Three rabbits eating grass in the sun is cute. Forty rabbits approaching in the dusk is creepy.
For the next seven days, between plenaries and concurrent sessions and meals in the dining hall, we talked about the rabbits. They were everywhere. Hundreds of rabbits, someone said. No, thousands, said someone else. They’d begun as pet rabbits dumped onto the campus, an environment with so few predators that they had bred like … well, like rabbits.
One colleague said he was tempted to jettison his paper and instead do an ecocritical analysis of Night of the Lepus, the 1972 horror film in which people are terrorized by mutant rabbits.
“Can you imagine what this place must look like at Easter time?” asked another colleague. “Eggs everywhere!”
Jokes turned to serious discussion: it was pretty easy to see that the rabbits who conveniently kept the lawns cut short were also destroying any native vegetation. They are as much a nuisance as a source of entertainment.
Many of us had been talking about Alisa Smith and J.B.Mackinnon’s book The 100-Mile Diet: A Year of Local Eating which chronicles a couple’s attempt to eat only foods that came from within a hundred miles of where they live. “Eat local” has become the new mantra amongst food activists.

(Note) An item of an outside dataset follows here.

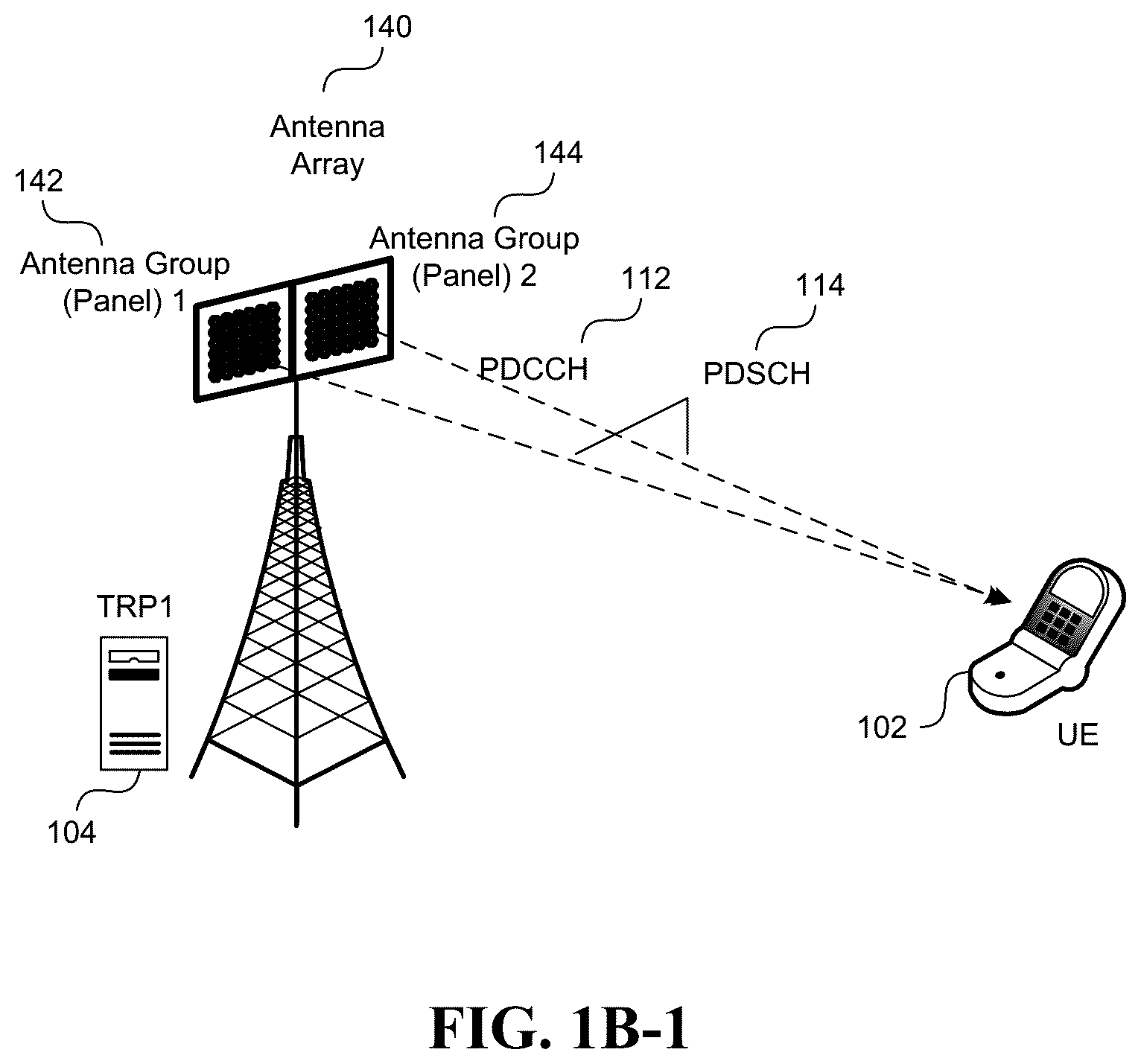 Patent US12155605 Figure 4 – Methods for transmission and reception of control information in a coordinated system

So the solution to the rabbit problem on campus seemed obvious to us: scoop those tame rabbits up and feed them to the students.

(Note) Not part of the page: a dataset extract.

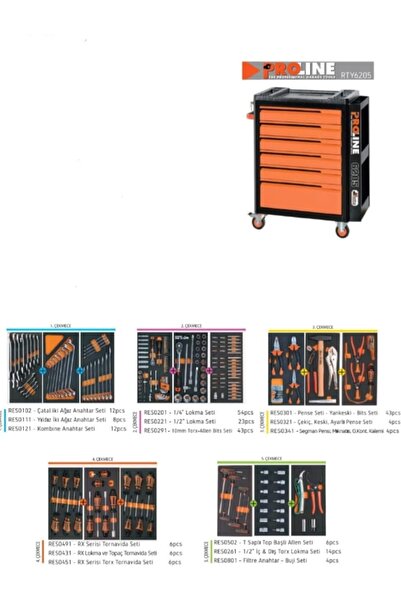 Retta RTY6205 Takım Arabası 6 Çekmece 249 Parça (Panolu)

We never did get to propose our idea to anyone who might enact it, but the jokes and conversations about the rabbits continued. When I walked through the campus late at night, the flocks of rabbits, usually sitting motionless and staring at me, gave me chills. Many of my colleagues, on the other hand, found them cute. Between sessions, I’d see colleagues crouched on the ground, photographing the bunnies.
“Where’s the next conference?” asked Curly Hair. “I’m hoping for alligators or maybe bears.”
“How come you never mentioned the rabbits?” I asked Charming Canadian Host. I may have sounded a bit accusing, but after all, he spent a whole weekend with the leadership team when we were planning the conference and he never mentioned rabbits. Not even once.
He shrugged. “If your campus was infested with rats, would you tell everyone?”